WHAT THE EXERCISE ASKS
Exact reproduction of the listing is required. Pictures are not reproduced.

RECORDS SUPPLIED
☆ ☆ ☆ ☆ ☆ ☆ ☆

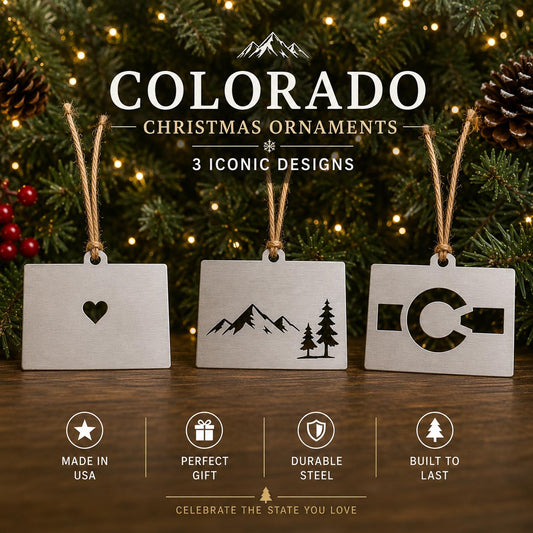 Colorado Christmas Ornament | Metal Colorado Ornament | Mountain, Heart & Flag Designs | Colorado Gift | Made in USA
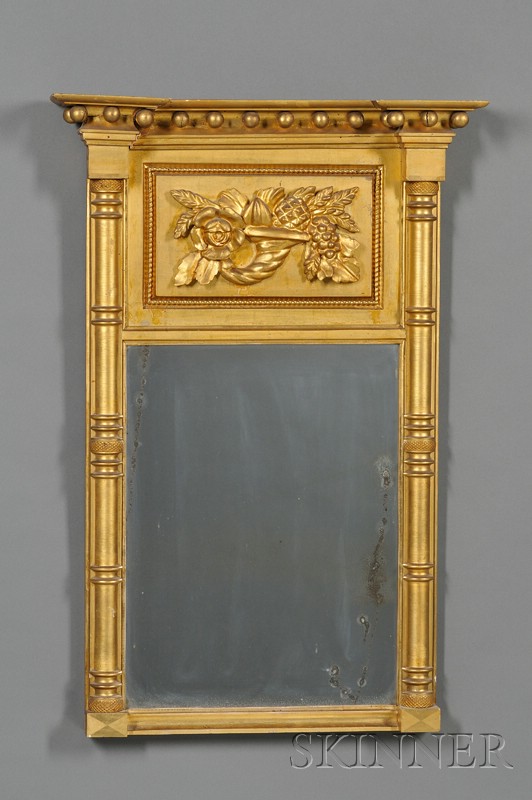 Appraisal: Federal Gilt-gesso and Wood Mirror with Cornucopia Massachusetts c -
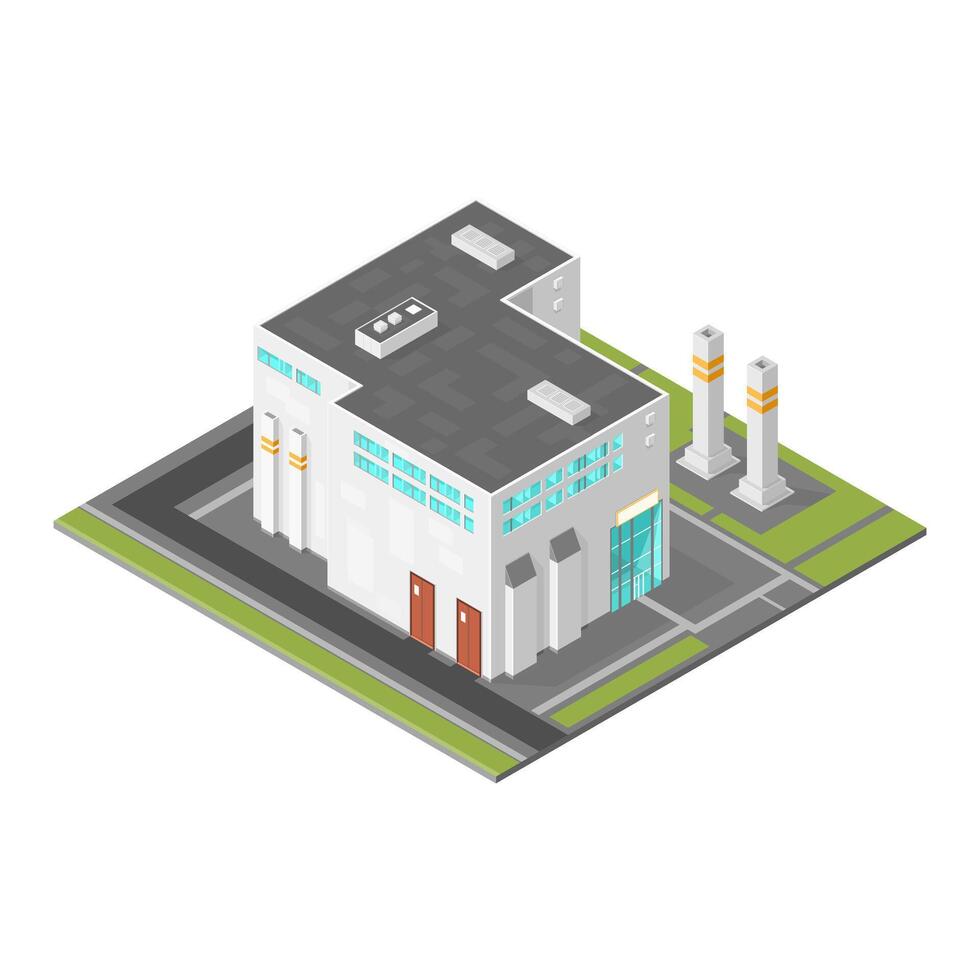 Isometric Industrial Factory Warehouse Icon Distribution Warehouse - Color Icon Illustration vector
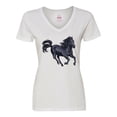 thumbnail image 1 of Inktastic Beautiful Galloping Black Horse Women's V-Neck T-Shirt, 1 of 5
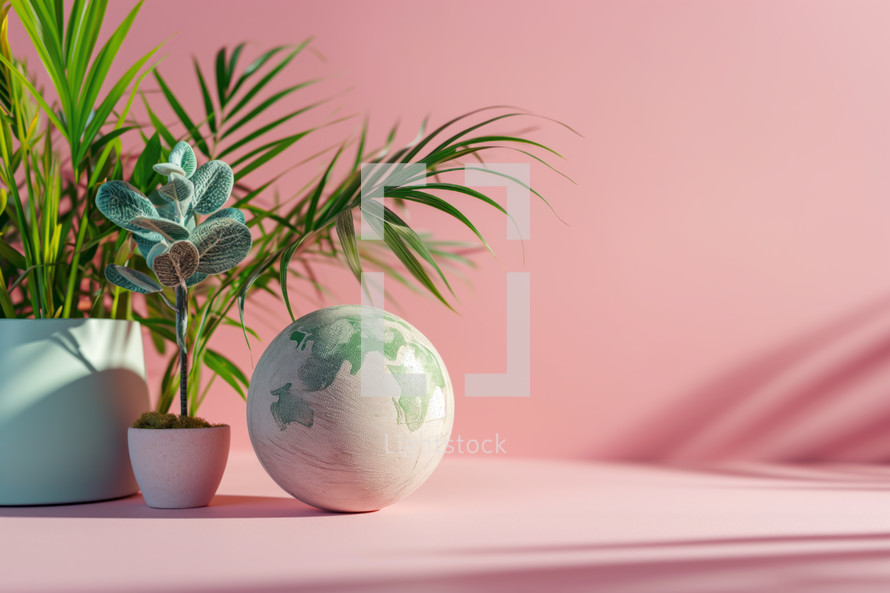 AI Generated Image. Earth Day mockup on a pink background with copy space and plants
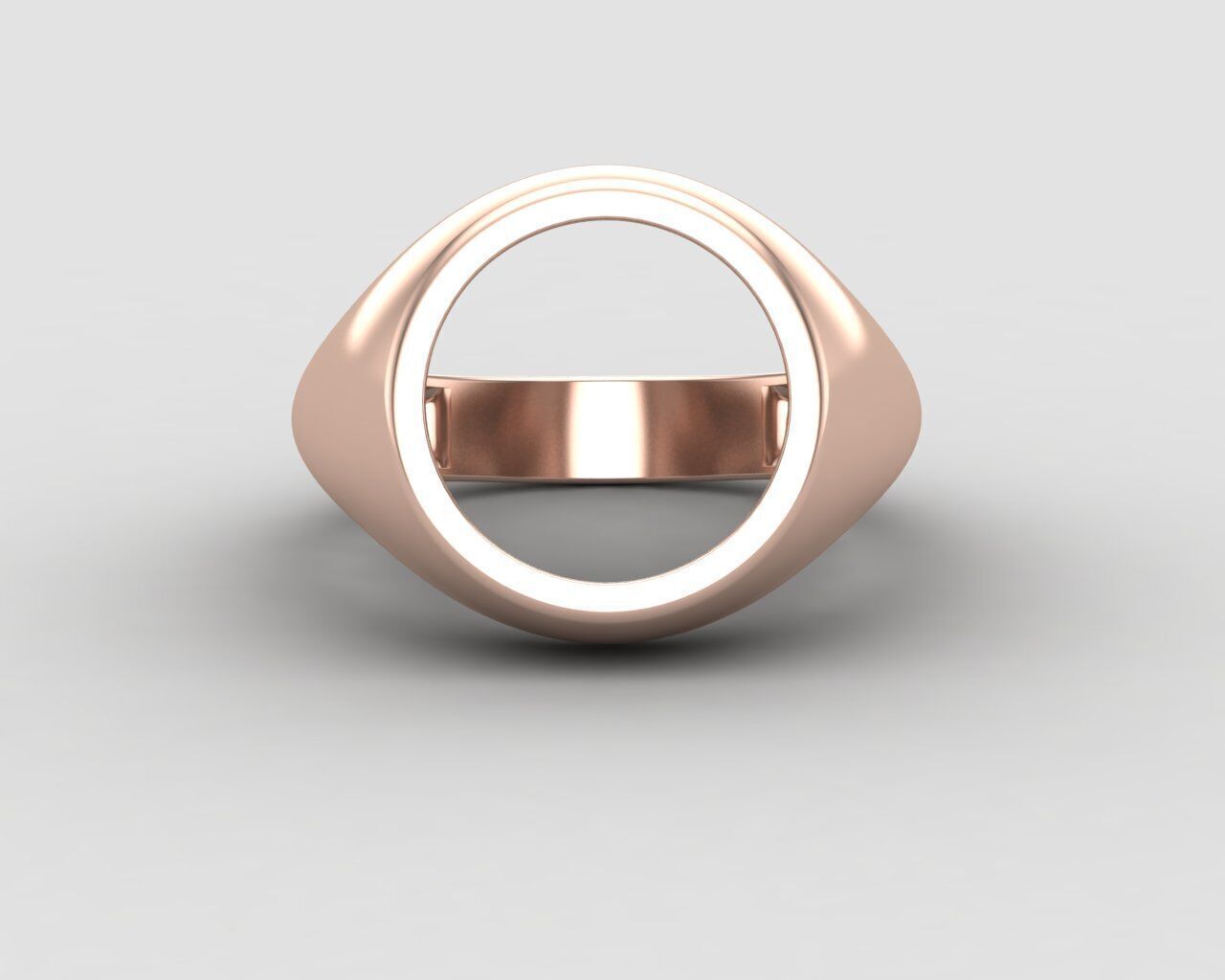 Round gemstone Ring Base 12MM top in All sizes 165-MWC 3D print model_7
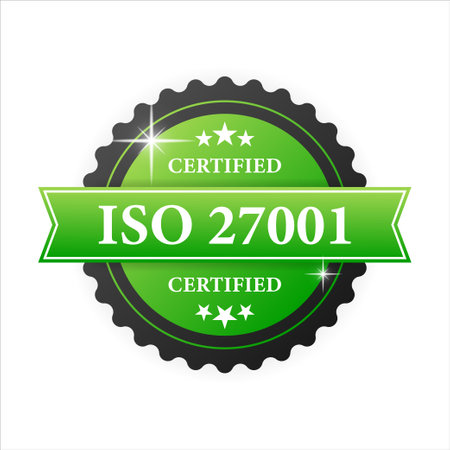ISO certified 27001 green rubber stamp with green rubber on white background. Realistic object. Vector illustration.のイラスト素材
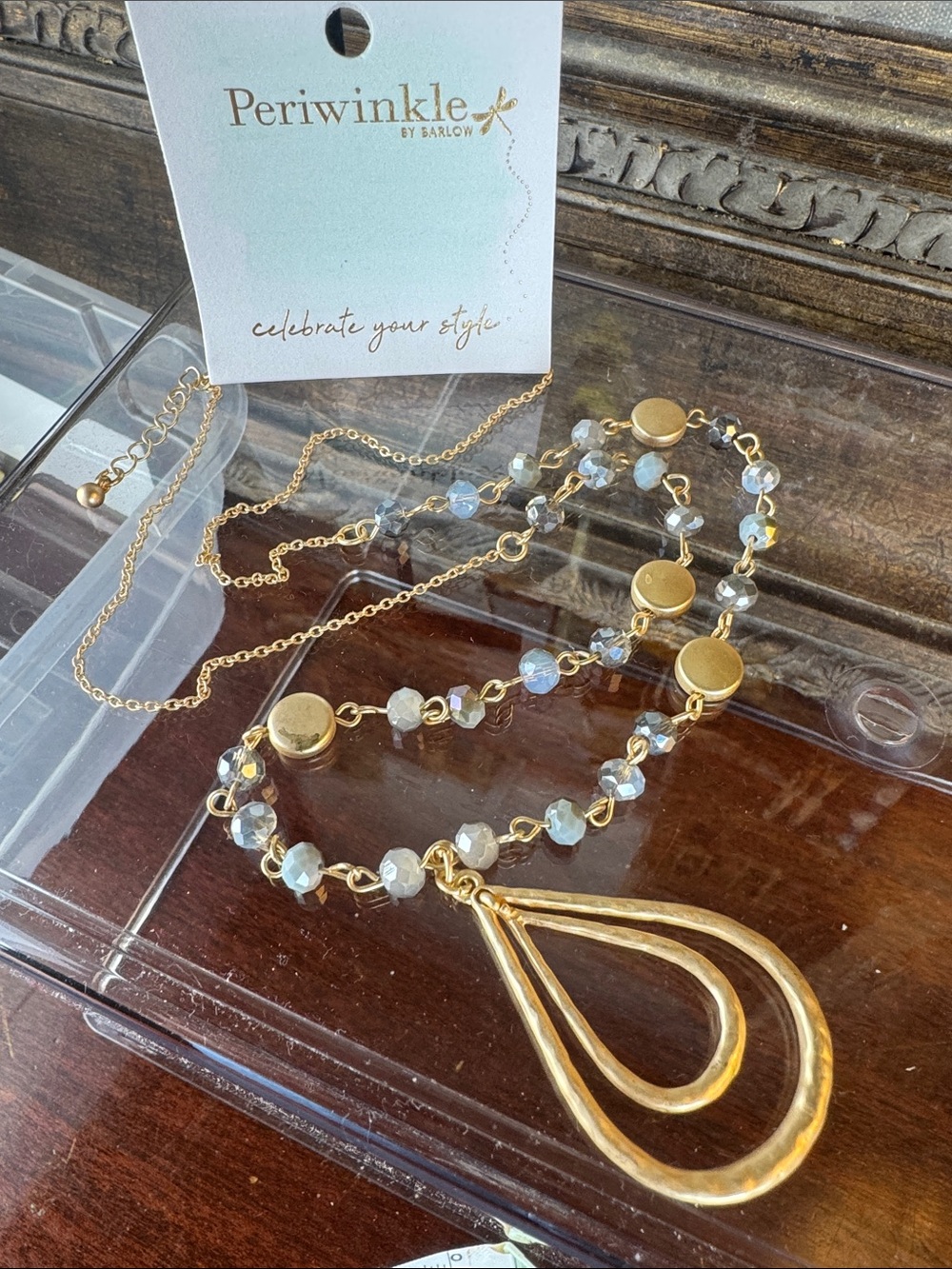 0831-24" length Gold Teardrop Pendant Necklace‎ with Iridescent Beads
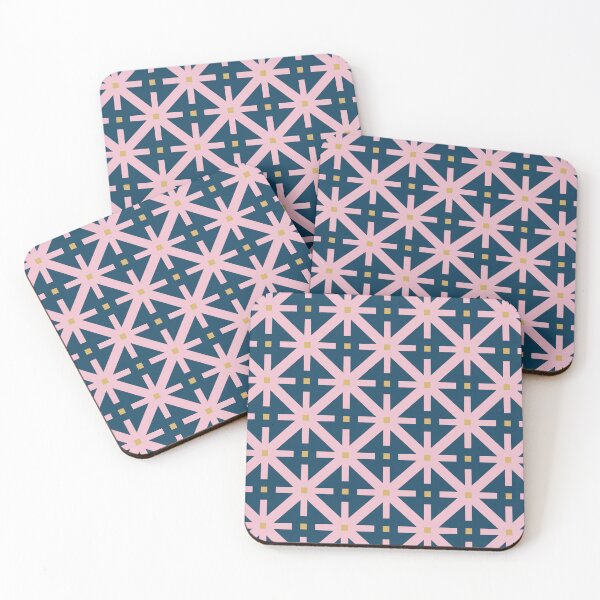 Item preview, Retro Modern Pink and Inky Blue Geometric Diamond Mesh Line Pattern designed and sold by scome.
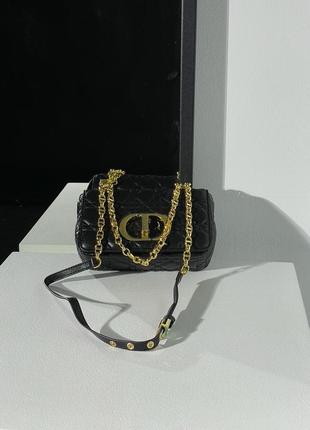 Женская сумка christian dior small dior caro bag black supple cannage calfskin6 фото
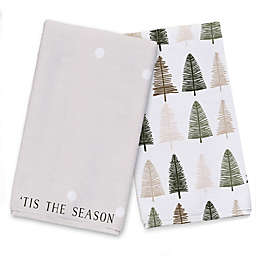 Designs Direct 'Tis the Season Snow Trees Tea Towel Set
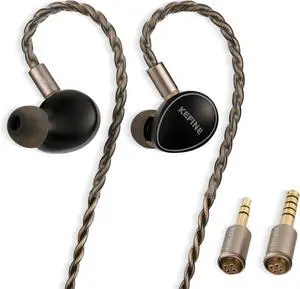 HiFiGo IEM Earbuds, KEFINE Quatio 2DD+2BA In Ear Monitor with 10mm DLC Diaphragm, 3 Tuning Nozzles, Aviation Aluminum Shell & Silver-Plated OCC Cable HIFI Wired Earbuds for Musician Audiophile (Black)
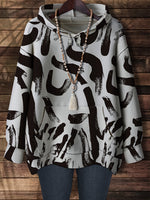 Ink-splatter Floral-print Hooded Sweatshirt Womens New Autumn Casual Cartoon Skull Hoodie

☆ ☆ ☆ ☆ ☆ ☆ ☆

REPLY
 Colorado Christmas Ornament | Metal Colorado Ornament | Mountain, Heart & Flag Designs | Colorado Gift | Made in USA
 Appraisal: Federal Gilt-gesso and Wood Mirror with Cornucopia Massachusetts c -
 Isometric Industrial Factory Warehouse Icon Distribution Warehouse - Color Icon Illustration vector
 thumbnail image 1 of Inktastic Beautiful Galloping Black Horse Women's V-Neck T-Shirt, 1 of 5
 AI Generated Image. Earth Day mockup on a pink background with copy space and plants
 Round gemstone Ring Base 12MM top in All sizes 165-MWC 3D print model_7
ISO certified 27001 green rubber stamp with green rubber on white background. Realistic object. Vector illustration.のイラスト素材
 0831-24" length Gold Teardrop Pendant Necklace‎ with Iridescent Beads
 Item preview, Retro Modern Pink and Inky Blue Geometric Diamond Mesh Line Pattern designed and sold by scome.
 Женская сумка christian dior small dior caro bag black supple cannage calfskin6 фото
 Designs Direct 'Tis the Season Snow Trees Tea Towel Set
 HiFiGo IEM Earbuds, KEFINE Quatio 2DD+2BA In Ear Monitor with 10mm DLC Diaphragm, 3 Tuning Nozzles, Aviation Aluminum Shell & Silver-Plated OCC Cable HIFI Wired Earbuds for Musician Audiophile (Black)
 Ink-splatter Floral-print Hooded Sweatshirt Womens New Autumn Casual Cartoon Skull Hoodie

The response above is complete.